Electric Vehicles: Setting the Record Straight on Lithium Availability - revorad
http://www.ensec.org/index.php?option=com_content&view=article&id=213:the-future-of-electric-vehicles-setting-the-record-straight-on-lithium-availability&catid=98:issuecontent0809&Itemid=349
======
hristov
The supposed lithium shortage has always been a red herring used by oil
supporters. The theory goes something like this "if we rely too much on
electric vehicles and hybrids we will switch from reliance on oil exporting
countries to reliance on lithium exporting countries, which will be just as
bad or even worse." Then the oil supporter starts drawing a scary picture of
evil socialist Bolivia which is poised to take over the US economy with its
vast lithium deposits.

Of course this ignores a couple of things -- (i) lithium is not that rare, and
is not only found in Bolivia and most importantly (ii) lithium is not used up
or destroyed in batteries. It can be recycled.
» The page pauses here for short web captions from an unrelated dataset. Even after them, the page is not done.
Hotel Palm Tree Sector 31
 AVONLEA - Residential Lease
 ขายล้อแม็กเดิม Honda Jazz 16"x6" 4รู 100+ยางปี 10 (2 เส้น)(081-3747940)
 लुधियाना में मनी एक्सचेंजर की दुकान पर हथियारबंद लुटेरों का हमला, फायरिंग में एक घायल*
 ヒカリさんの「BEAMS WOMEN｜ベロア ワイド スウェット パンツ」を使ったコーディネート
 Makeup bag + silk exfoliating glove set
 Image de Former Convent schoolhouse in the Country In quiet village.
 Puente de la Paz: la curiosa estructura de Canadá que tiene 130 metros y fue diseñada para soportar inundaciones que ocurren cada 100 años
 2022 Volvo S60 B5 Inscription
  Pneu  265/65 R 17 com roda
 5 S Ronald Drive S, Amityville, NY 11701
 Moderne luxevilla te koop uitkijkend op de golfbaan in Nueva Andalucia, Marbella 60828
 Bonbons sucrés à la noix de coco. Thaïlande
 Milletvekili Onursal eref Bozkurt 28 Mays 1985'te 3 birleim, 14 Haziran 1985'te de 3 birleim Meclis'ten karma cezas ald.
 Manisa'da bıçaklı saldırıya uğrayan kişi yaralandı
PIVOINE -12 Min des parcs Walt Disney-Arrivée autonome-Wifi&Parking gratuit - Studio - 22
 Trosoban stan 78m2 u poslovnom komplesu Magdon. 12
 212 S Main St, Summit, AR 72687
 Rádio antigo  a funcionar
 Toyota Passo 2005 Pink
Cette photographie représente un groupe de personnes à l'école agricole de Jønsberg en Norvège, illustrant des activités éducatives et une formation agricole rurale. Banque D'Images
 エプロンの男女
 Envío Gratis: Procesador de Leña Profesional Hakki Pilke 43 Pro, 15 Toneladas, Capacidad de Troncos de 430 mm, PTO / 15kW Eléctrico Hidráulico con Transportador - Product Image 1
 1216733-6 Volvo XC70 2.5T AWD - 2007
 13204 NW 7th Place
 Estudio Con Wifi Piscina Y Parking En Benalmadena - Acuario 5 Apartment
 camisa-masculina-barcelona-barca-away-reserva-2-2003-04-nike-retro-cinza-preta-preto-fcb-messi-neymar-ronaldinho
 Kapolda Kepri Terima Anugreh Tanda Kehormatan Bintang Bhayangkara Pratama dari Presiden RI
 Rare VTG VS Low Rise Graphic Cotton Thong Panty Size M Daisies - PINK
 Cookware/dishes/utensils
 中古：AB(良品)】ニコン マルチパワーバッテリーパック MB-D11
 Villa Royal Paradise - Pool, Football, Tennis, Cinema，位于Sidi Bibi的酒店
So it is very unlikely that we
will get into the situation of progressively using up all the lithium supply
and having a lithium crisis and so on.

------
iigs
This topic is as fascinating to me as it is impenetrable. I'd love to
understand what he's saying but get balled up in the abbreviations and not
understanding how to calculate how much lithium is usable from each mined
mineral.

Not to be too USA Today, but my understanding would certainly benefit from a
couple pictures/graphs.